During the Civil War, Abraham Lincoln was constantly second-guessed by congressional committees. Confederate Gen. Robert E. Lee said one of those committees was worth two divisions to his side.
After Pearl Harbor was attacked in 1941, the government investigated and punished several senior military officials. Similarly, at the height of World War II, then-Sen. Truman led an investigation into war profiteering by American businesses, exposing shoddy work and saving billions of dollars and thousands of lives.
After the United States was attacked in 2001, Bush resisted attempts to find flaws in the nation's intelligence or security apparatus. Once he relented, investigations found fault, but Bush didn't assign responsibility or take it.
Investigations also faulted intelligence services for wrongly stating that Iraq had weapons of mass destruction before the United States invaded. Again, Bush didn't assign responsibility or take it.
In fact, policymakers who expressed skepticism about parts of the administration's case for war weren't asked to return for Bush's second term, including former Secretary of State Colin Powell and his deputy, Richard Armitage.
Those who publicly or privately trumpeted the false intelligence were either retained or promoted, including Defense Secretary Donald H. Rumsfeld; then-National Security Adviser Condoleezza Rice; her former deputy, Stephen J. Hadley; and Vice President Dick Cheney's chief of staff, I. Lewis "Scooter" Libby.
After it was revealed that prisoners were abused in the Abu Ghraib prison in Iraq, Bush condemned the practice. Rumsfeld offered to resign, but Bush rejected the offer.
At a recent congressional hearing, a senior military investigator said top U.S. officials had failed to set clear rules for interrogating prisoners, but he added that it wasn't his role to assign responsibility.
In business, high-flying, highly paid executives presided over a corporate culture that some critics likened to the Gilded Age of the late 1800s.

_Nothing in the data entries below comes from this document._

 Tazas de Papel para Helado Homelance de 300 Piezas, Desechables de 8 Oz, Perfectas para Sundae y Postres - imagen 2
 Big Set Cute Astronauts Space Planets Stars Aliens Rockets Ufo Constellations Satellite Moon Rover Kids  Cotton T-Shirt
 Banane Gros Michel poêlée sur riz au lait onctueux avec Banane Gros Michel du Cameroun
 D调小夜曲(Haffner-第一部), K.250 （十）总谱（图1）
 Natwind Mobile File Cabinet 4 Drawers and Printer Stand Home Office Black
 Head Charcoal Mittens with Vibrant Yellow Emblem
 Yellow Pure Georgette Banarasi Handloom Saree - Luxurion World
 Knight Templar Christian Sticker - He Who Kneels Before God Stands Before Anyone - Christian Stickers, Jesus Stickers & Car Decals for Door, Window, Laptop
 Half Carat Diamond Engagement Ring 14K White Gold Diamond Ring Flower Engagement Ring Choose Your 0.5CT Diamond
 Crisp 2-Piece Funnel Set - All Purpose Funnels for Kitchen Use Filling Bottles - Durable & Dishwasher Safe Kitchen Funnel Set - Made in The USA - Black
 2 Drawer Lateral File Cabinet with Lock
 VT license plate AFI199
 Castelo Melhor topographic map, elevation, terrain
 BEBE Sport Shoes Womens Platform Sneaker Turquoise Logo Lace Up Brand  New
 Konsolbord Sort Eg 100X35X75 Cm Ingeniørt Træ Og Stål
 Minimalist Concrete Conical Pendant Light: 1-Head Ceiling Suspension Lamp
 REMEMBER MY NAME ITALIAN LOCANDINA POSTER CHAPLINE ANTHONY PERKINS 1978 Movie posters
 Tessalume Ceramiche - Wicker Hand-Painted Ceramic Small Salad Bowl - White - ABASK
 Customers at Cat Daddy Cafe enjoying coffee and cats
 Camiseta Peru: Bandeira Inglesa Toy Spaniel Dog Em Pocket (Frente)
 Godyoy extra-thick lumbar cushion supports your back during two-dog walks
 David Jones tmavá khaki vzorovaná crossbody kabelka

"The CEO became a cult hero," said Todd Gitlin, a sociologist at Columbia University. "The CEO class came to believe what the cover stories said about them, that they were sublime geniuses who made vast amounts of difference in the success of their companies."
When Worldcom's Ebbers claimed he wasn't responsible for financial crimes committed at his company - a defense other indicted executives planned to use - it signaled what Gitlin called a moral collapse.
"If you think that being the CEO and being rewarded gets you off a hook rather than on it, then your moral principle is that ignorance is bliss," Gitlin said.
One thing that's allowed the powerful to abandon responsibility is lack of societal pressure. In 1996, Republican presidential candidate Bob Dole discovered that voters were uninterested in fund-raising abuses at the Clinton White House. "Where's the outrage?" Dole repeatedly complained.
Gitlin attributes it to the cult of personality. "There's been a metastasis of celebrity," he said. "Celebrity is taken to be a moral position. To be a celebrity is to transcend mere categories of good and evil."
Staudenmaier, the historian, said people are distracted. He suggested that's what happened in the Roman Catholic Church.
"When you're paying more attention to the definition of doctrinal correctness, which has been the case for 20 years, you find people looking past the question of whether people are doing a good job with the power," he said.
At the same time, he said, Americans became more exclusively focused on profits in business and on the war on terror in government.
Said Staudenmaier: "You take your eye off the ball and you get bad behavior."